- Genre: Comedy drama
- Directed by: Stan Lathan
- Starring: Joe Morton
- Country of origin: United States
- Original language: English
- No. of seasons: 1
- No. of episodes: 28

Production
- Executive producer: Ellis Haizlip
- Running time: 30 minutes

Original release
- Network: PBS
- Release: April 8, 1978

= Watch Your Mouth (TV series) =

1978 American comedy-drama television series

Watch Your Mouth is a 1978 American comedy-drama television series which aired on Public Broadcasting Service (PBS) public television. The series focused upon Mr. Geeter (Joe Morton), a resourceful language skills teacher, and his ethnically diverse group of high schoolers. All of the episodes were aired in the New York City metro area, but for various reasons only ten episodes were aired nationally.

==Cast==
The cast included:
- Joe Morton as Mr.
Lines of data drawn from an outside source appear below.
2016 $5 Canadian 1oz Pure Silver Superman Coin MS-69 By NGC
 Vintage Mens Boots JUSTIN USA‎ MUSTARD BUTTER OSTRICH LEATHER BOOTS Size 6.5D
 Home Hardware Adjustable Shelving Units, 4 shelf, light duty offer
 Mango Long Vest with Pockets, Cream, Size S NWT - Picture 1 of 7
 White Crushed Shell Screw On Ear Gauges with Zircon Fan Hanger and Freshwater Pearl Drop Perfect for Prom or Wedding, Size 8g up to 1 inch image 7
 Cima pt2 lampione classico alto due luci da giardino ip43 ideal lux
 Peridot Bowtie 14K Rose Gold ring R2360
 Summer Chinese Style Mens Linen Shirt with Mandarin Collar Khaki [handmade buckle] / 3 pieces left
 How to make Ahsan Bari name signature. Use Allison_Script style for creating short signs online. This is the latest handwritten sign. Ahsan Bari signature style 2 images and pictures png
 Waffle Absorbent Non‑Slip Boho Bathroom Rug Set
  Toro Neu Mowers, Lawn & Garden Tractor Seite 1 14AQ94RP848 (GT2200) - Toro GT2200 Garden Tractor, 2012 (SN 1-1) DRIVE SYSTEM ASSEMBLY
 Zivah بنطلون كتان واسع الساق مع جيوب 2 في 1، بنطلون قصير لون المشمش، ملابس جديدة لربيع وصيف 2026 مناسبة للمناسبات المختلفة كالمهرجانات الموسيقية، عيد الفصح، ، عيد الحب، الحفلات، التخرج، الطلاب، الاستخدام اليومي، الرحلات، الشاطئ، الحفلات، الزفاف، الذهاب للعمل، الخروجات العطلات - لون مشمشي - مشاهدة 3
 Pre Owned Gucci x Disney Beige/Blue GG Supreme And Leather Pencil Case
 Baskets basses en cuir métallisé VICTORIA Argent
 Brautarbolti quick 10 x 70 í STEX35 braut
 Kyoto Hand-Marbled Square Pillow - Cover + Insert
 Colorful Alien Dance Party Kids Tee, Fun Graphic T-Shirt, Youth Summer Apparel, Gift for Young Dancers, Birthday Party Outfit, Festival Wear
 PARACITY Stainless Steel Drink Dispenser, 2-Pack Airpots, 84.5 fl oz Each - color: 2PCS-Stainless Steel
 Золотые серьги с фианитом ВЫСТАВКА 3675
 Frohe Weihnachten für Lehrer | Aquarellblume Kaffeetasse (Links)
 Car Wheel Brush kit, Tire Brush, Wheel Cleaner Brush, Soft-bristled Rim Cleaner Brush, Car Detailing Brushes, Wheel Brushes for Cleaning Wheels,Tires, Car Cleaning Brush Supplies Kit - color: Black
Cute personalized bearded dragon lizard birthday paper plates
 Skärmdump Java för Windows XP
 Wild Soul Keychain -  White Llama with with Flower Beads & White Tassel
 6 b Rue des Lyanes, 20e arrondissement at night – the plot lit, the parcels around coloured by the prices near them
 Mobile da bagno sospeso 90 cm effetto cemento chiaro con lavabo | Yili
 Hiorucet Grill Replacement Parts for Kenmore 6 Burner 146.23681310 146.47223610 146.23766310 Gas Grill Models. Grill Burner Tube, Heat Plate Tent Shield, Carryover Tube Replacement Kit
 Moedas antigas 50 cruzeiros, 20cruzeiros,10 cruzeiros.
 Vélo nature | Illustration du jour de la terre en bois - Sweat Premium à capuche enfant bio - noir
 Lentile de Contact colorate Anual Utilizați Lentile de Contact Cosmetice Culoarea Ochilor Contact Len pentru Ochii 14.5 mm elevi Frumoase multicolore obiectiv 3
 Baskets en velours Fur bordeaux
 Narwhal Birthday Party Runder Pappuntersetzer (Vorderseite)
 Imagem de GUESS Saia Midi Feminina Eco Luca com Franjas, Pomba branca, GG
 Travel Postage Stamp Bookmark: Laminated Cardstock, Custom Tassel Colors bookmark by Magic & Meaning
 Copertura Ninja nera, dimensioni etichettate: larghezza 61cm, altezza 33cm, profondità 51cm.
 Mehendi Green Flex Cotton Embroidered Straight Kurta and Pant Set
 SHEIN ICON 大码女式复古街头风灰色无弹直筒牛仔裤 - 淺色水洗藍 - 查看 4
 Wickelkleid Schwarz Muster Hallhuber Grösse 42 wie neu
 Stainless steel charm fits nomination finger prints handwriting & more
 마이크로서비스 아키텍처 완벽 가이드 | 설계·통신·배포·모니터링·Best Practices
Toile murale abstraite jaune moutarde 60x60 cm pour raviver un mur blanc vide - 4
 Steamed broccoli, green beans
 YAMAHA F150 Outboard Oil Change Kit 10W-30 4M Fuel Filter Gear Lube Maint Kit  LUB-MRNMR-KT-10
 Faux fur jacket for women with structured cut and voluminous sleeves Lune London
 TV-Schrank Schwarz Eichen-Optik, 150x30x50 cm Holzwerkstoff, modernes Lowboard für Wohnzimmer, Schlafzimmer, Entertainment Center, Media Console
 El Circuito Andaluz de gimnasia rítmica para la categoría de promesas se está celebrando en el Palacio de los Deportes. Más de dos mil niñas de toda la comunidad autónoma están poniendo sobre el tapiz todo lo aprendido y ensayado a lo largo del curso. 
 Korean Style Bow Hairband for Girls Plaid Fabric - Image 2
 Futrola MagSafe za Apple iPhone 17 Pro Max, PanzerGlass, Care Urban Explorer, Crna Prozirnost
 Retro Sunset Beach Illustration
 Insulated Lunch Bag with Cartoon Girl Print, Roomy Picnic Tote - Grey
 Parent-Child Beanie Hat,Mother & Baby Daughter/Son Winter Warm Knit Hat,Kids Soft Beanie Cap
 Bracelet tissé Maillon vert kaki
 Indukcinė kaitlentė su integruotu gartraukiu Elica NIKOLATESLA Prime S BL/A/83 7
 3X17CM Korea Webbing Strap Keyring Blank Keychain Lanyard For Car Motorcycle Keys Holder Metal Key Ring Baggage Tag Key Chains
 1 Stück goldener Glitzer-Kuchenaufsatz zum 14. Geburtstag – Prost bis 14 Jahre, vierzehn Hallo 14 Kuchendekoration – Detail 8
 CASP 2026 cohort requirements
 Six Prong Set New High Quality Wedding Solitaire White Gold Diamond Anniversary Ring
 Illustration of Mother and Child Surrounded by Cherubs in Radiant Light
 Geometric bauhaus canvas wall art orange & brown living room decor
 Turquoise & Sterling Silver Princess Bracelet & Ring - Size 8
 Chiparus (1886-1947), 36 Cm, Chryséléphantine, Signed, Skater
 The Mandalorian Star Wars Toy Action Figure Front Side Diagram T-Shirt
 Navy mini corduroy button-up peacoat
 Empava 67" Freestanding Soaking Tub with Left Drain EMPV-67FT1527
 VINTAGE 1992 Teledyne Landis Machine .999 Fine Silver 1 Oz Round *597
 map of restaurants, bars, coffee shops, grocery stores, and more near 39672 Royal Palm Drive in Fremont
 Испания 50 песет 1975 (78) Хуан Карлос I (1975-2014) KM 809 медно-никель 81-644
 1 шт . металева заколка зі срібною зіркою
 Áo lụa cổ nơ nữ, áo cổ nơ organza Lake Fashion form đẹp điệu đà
Geeter
- George Campbell as Melvin
- Luis Figueroa as Raoul
- Joanna Glushak as Bonnie
- Glen Harris as Franklin
- Ginny Ortiz as Carmen
- Lionel Pina as Carlos
- Jody Price as Mary
- Robert Rush as Bobby

==Reaction==
Dissatisfied with the quality of the production, PBS initially planned to not air the series at all. According to Ron Devillier, who served as director of programming administration at the time, PBS later decided that the series was "important and that we should run something." The network decided to air ten episodes on the national network.